- Provided records -
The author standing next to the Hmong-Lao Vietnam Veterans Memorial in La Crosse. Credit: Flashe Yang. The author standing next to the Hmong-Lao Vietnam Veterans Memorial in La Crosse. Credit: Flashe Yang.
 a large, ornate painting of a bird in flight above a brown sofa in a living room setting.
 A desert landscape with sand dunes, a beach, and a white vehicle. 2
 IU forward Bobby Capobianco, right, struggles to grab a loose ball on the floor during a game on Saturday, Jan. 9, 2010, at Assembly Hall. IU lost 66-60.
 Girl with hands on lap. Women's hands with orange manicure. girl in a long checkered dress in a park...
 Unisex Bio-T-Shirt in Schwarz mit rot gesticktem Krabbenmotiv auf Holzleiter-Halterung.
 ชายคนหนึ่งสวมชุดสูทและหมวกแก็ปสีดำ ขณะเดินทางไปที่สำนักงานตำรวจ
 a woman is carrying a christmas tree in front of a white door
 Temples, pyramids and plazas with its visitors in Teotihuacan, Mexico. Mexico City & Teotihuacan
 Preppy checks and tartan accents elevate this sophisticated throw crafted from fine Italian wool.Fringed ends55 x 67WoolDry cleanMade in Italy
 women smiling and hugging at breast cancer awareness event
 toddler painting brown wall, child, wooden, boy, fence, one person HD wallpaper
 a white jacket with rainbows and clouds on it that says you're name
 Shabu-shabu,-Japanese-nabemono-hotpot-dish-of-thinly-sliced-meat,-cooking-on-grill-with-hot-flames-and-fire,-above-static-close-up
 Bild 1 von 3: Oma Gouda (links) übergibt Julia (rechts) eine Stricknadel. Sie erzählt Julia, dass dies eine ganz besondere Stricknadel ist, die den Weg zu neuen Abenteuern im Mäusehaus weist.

- Work required -
An exact copy of the lines above between the line holding "IU forward Bobby" and the line holding "a white jacket", inclusive, is the whole answer.

- Exercise result -
 IU forward Bobby Capobianco, right, struggles to grab a loose ball on the floor during a game on Saturday, Jan. 9, 2010, at Assembly Hall. IU lost 66-60.
 Girl with hands on lap. Women's hands with orange manicure. girl in a long checkered dress in a park...
 Unisex Bio-T-Shirt in Schwarz mit rot gesticktem Krabbenmotiv auf Holzleiter-Halterung.
 ชายคนหนึ่งสวมชุดสูทและหมวกแก็ปสีดำ ขณะเดินทางไปที่สำนักงานตำรวจ
 a woman is carrying a christmas tree in front of a white door
 Temples, pyramids and plazas with its visitors in Teotihuacan, Mexico. Mexico City & Teotihuacan
 Preppy checks and tartan accents elevate this sophisticated throw crafted from fine Italian wool.Fringed ends55 x 67WoolDry cleanMade in Italy
 women smiling and hugging at breast cancer awareness event
 toddler painting brown wall, child, wooden, boy, fence, one person HD wallpaper
 a white jacket with rainbows and clouds on it that says you're name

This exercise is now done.